··· TASK INPUTS ···
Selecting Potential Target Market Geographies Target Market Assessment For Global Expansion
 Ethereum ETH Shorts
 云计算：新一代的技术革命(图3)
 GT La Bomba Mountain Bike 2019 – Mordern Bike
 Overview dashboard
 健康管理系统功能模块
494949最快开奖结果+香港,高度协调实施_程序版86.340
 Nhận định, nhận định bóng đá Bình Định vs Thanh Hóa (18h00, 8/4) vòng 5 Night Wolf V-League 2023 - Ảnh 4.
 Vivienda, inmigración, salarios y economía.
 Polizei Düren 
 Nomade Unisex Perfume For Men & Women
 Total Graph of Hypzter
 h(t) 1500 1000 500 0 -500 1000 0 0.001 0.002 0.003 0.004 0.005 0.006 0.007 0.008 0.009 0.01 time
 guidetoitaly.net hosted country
···
# [WHAT TO DO]
Only one stretch of the data is wanted: the lines from the one with "Polizei Düren" through the last, repeated exactly.

# [EXPECTED OUTPUT]
 Polizei Düren 
 Nomade Unisex Perfume For Men & Women
 Total Graph of Hypzter
 h(t) 1500 1000 500 0 -500 1000 0 0.001 0.002 0.003 0.004 0.005 0.006 0.007 0.008 0.009 0.01 time
 guidetoitaly.net hosted country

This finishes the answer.